Emotional people are amazing. Some cry during movies because they are vulnerable to let even fictional empathy pull at their heart strings. They are the people who see you suffering even when you think no one can understand. They are the people who genuinely say, “You are not alone.”
I am emotional, and I wish I could help others feel loved, but something gets in my way. It’s a burner that gets ignited by criticism or even imagined opposition. It is emotional instability, and it often appears as egotism or narcissism to other people.
I blame my emotional instability for just about every failure I can remember. Whether I was smart enough or strong enough never held me back. It was always a wave of anxiety that took over my impulses, threw caution to the wind, and burned the bridges I had carefully built.

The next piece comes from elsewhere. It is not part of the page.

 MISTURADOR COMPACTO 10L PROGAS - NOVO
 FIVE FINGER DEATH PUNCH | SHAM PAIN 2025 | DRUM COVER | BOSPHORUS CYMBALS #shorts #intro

This year, for example, I had the profound honor to serve as president of a local club. I was floored by the opportunity. I felt like a little kid sitting on my father’s lap in our 1980’s station wagon, trying to reach the 2 and 10 positions of the steering wheel. I was most certainly promoted beyond my skill level while being given a wonderful opportunity to learn and grow.
I would like to believe I did at least a few things in the last year that someone will remember positively. Most important to me, I took the position to help my best friend live her dream of leading the club as Vice President. She was hesitant and fearful the more experienced members of the club would not respect her and stifle her efforts. I volunteered to take the reigns of the club to ensure she had every door open to her. And, she lived up to my faith. Her contributions to the club and reputation are higher than either of us imagined. She booked for the club some of its best contributors in recent history.
I won’t be remembered fondly by everyone. I was crass on a few occasions. I was hard on at least one volunteer, and even though the rest of the board fully supported and mostly agreed with my actions regarding that one volunteer, I still reflect on that experience and wish I had not spewed quit as much vitriol.
Bridges have been burned in every club primarily because of my emotional instability. I have been kicked out of church groups, brought shame upon my family, and I am sure I am on more than one list for people to never talk to again.
I am embarrassed and haunted by every time I have put my foot in my mouth and for every relationship I have ruined.
So, why am I airing this dirty laundry?
I believe others can feel alienated by their emotional instability as well. If you feel alone, I want you to know that you aren’t alone at all. You are not uniquely unloveable or flawed. Your emotions are welcome and loved. The instability is the part to improve upon. Know there are people who believe in you now, just as you are. They also believe you can stabilize your emotions.
I don’t know you, but I believe we can all, with the right approach, stabilize our emotions. And when we do, I believe there is a world of joy and intimacy waiting for us with arms wide open.